Module orchid :: Class OrchidExtractor
[show private | hide private]
[frames | no frames]

Class OrchidExtractor


A class responsible for parsing and analyzing html content and extracting various forms of links from it. The goal is to provide the user with a datastructure representing the parsed HTML and a set of links that appear on the given page. Supported links type are:
  1. simple <a href="...">link</a> type links (done)
  2. relative links
  3. BASE tag (done)
  4. LINK tag (done)
  5. FRAMESET links (done)
  6. IMG links (done)
  7. client side image maps (done)
  8. server side image maps (unsupported)
  9. Object links
  10. JavaScript links
  11. Meta refresh tags
  12. iframes
  13. form links

Method Summary
  __init__(self)
Creates a new link extractor.
  extract(self)
Extracts all the links in the page according to the patterns specified in LINK_PATTERNS.
  getLinks(self)
Returns a map from link type to a list of links of that type that appeared in the page.
  getParsedContent(self)
Returns the BeautifulSoup datastructure of the HTML of the site that was set using setSite .
  getRawContent(self)
  setSite(self, stringUrl, content)
Sets the current site url and content for the extractor.

Class Variable Summary
list LINK_PATTERNS = [('regular', <_sre.SRE_Pattern object at...

Method Details

__init__(self)
(Constructor)

Creates a new link extractor. Should be followed by a call to setSite

extract(self)

Extracts all the links in the page according to the patterns specified in LINK_PATTERNS. The links are stored in a map (link type -> url list) called links (accessible by 'extractor.links' where extractor is an instance of HtmlLinkExtractor)

getLinks(self)

Returns a map from link type to a list of links of that type that appeared in the page.

getParsedContent(self)

Returns the BeautifulSoup datastructure of the HTML of the site that was set using setSite .

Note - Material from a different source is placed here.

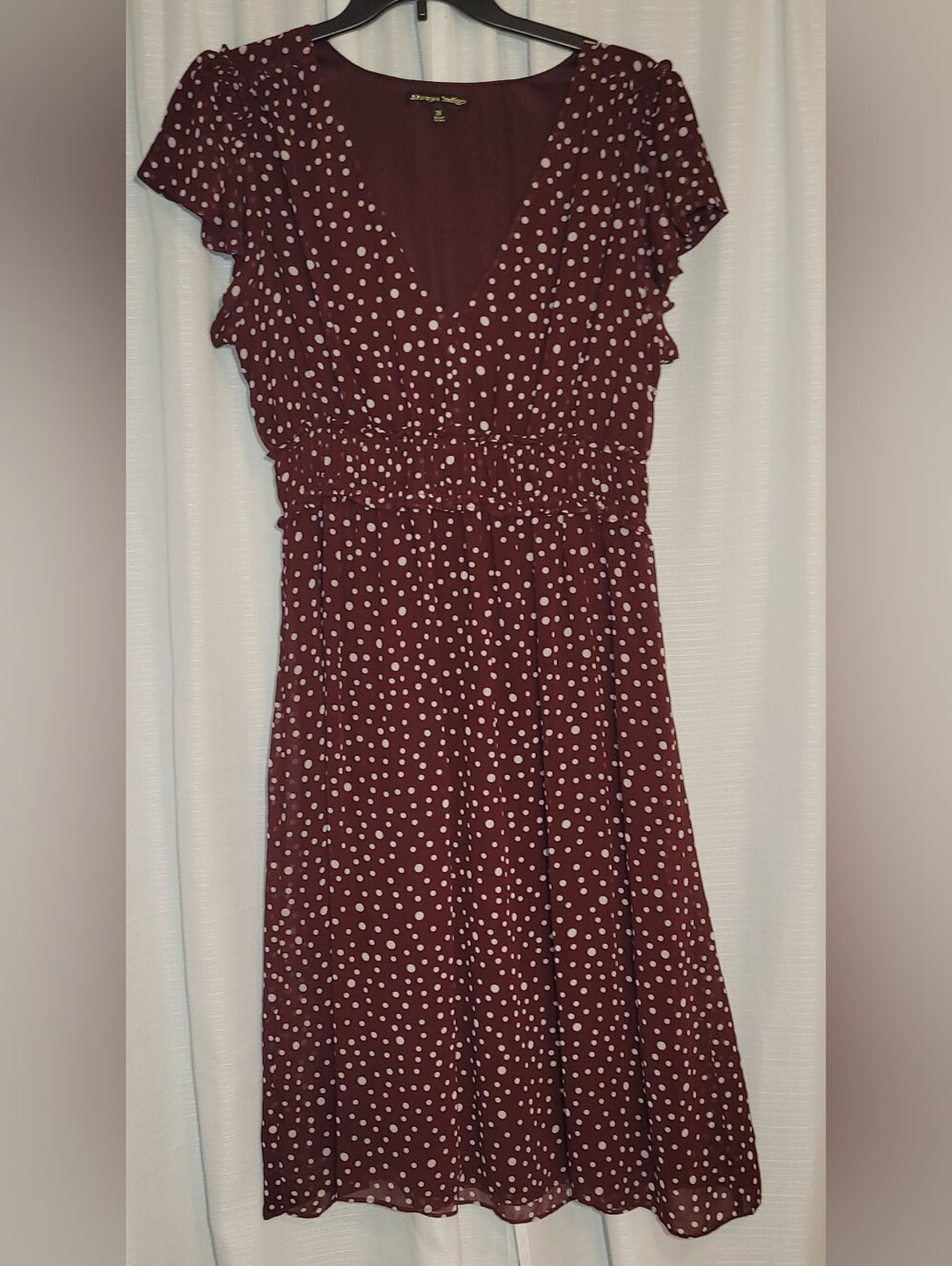 Always Indigo Burgundy Polka Dot Midi Dress 2X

setSite(self, stringUrl, content)

Sets the current site url and content for the extractor.
Parameters:
stringUrl - The url of the site being analyzed.
content - The html content of the site.

Class Variable Details

LINK_PATTERNS

Type:
list
Value:
[('regular',
  <_sre.SRE_Pattern object at 0xb7b7fb80>,
  {'href': <_sre.SRE_Pattern object at 0xb79d43e0>},
  'href'),
 ('base',
  <_sre.SRE_Pattern object at 0xb7b5ccc8>,
  {'href': <_sre.SRE_Pattern object at 0xb79d43e0>},
  'href'),
...                                                                    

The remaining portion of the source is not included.